The first cinematic hint that something might be a little bit off about “Mairzy Doats” appeared in 36 Hours, George Seaton’s adaptation of Roald Dahl’s short story “Beware of the Dog.” On one level, the song is nothing but a period detail: The film is set in the summer of 1944, when “Mairzy Doats” was completely inescapable. But the movie is about a plot to gaslight an American military intelligence officer by convincing him that the year is 1950 and he’s recuperating from amnesia, so, in the world of the film, “Mairzy Doats” is also a period detail. “Everybody was whistling this one six, seven years ago,” the fake Nazi DJ says over the fake radio on his fake broadcast from the fake year of 1950 before the tune starts up. Putting the incessantly cheerful song under a tense, suspicious conversation between James Garner and his “nurse” Eva Marie Saint is essentially the same trick Twin Peaks uses; Twin Peaks just goes much further.

The Ruling Class (1972)

“Mairzy Doats” makes a cameo in both Peter Barnes’ play and Peter Medak’s film The Ruling Class, where its lyrics show up briefly in the ramblings of an insane British aristocrat (played in the film by Peter O’Toole) who believes himself to be Jesus Christ. This seems to be the first movie that suggested that “Mairzy Doats” was the sort of pop-culture fragment a lunatic was likely to seize on; it would not be the last. (For another direct line between The Ruling Class and Leland Palmer, check out O’Toole’s manic performance of “The Varsity Drag.”)

Radio Days (1987)

It took Woody Allen to give audiences their first taste of full-on “Mairzy Doats” lunacy.
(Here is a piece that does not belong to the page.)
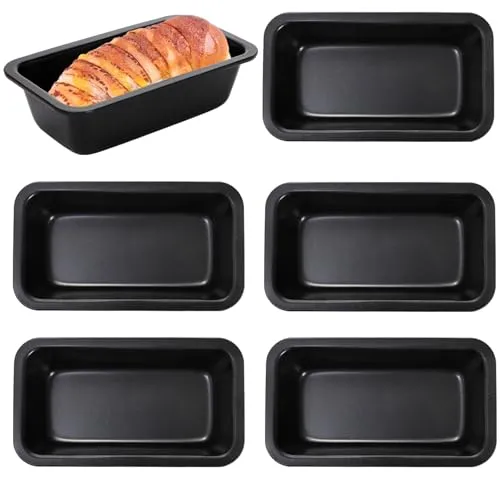 Lawei 6er Set Kastenformen, Antihaft Brotbackform aus Karbonstahl - Brotbackkastenformen aus schwerem Karbonstahl, 15 x 9 x 5cm, für gleichmäßige Bräunung und müheloses Herauslösen. Ideal für Brote, Kuchen und Aufläufe, spülmaschinenfest für einfache Reinigung.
In Radio Days, Allen’s nostalgic look back at the golden age of radio, the song plays over the “nervous breakdown” of a Mr. Zipsky, who runs up and down the street waving a meat cleaver. Even with the cleaver, Mr. Zipsky seems a lot less threatening than Leland Palmer, but the link between nonsense lyrics and homicidal mania was, by now, firmly established.

Twin Peaks (1990)

Peak “Mairzy Doats.”

The Cell (2000)

Finally, in Tarsem Singh’s psychedelic horror film The Cell, which takes place largely inside the dreamscape of a comatose serial killer, “Mairzy Doats” reaches its fall-of-the–Roman Empire decadent phase and collapses entirely. When you’re picking out a song to be played on a music box wound with intestines inside Vincent D’Onofrio’s mind, it doesn’t pay to be subtle. But letting D’Onofrio slow it down to a dirge kills any remaining tension between the music and the visuals. After a half-century of accumulating associations forged between “Mairzy Doats” and violent psychosis, the lyrics might as well be about eviscerating Vince Vaughn with a crank. If today’s filmmakers want to achieve a similar effect, they better find a more innocent tune, because “Mairzy Doats” has all become jumbled.